Android smartphone by Xiaomi

The Xiaomi Mi MIX Alpha is an Android-based smartphone designed by Xiaomi. Xiaomi describes it as a concept phone, but planned on bringing it into small-scale production. It was scheduled to be released in December 2019, but has been cancelled due to manufacturing complexities.

== Design ==
A 7.92-inch (201.2mm) big screen 2088 × 2250 Super AMOLED display is used which wraps around the edges and nearly spans the entire width of both sides. There are virtual volume buttons in place of physical ones, although there is a physical power button on the top. Navigation buttons and the status bar are also located on the edges of the device.
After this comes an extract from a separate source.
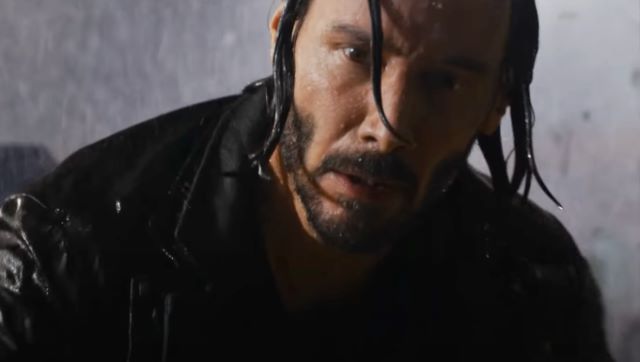 The Matrix Resurrections movie review: Reboot of the 1999 seminal movie is more entertaining than ground-breaking The Matrix Resurrections movie review: Reboot of the 1999 seminal movie is more entertaining than ground-breaking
A sapphire vertical strip is placed on the rear which houses the cameras, flash and connectivity antennas. The frame is a titanium alloy, while the display is a 3-section glass laminate.

== Specifications ==
=== Hardware ===
The Mi MIX Alpha is powered by the Qualcomm Snapdragon 855+ CPU and the Adreno 640 GPU, sharing its chipset with the Mi 9 Pro. It has a single configuration of 12 GB of LPDDR4X RAM and 512 GB of non-expandable UFS 3.0 storage. A USB-C port is located on the bottom which is capable of recharging the 4050mAh battery at up to 40W. An optical in-display fingerprint is used, and facial recognition is also supported.
==== Camera ====
A triple camera setup is used, consisting of a wide lens, a telephoto lens and an ultrawide lens like most flagships, while lacking a front-facing camera, however, the rear-facing cameras serve this purpose. Notably, it is the first smartphone with a 108 MP sensor. The other two lenses use 12 MP and 20 MP sensors respectively. None of the lenses have OIS, but HDR is supported. Along with normal recording modes, the device is capable of recording 8K video at 30 fps, 4K video at 60 fps and 30 fps, and 1080p slow-motion video at 480 and 960 fps.

=== Software ===
The Mi MIX Alpha runs on MIUI 11, which is based on Android 10.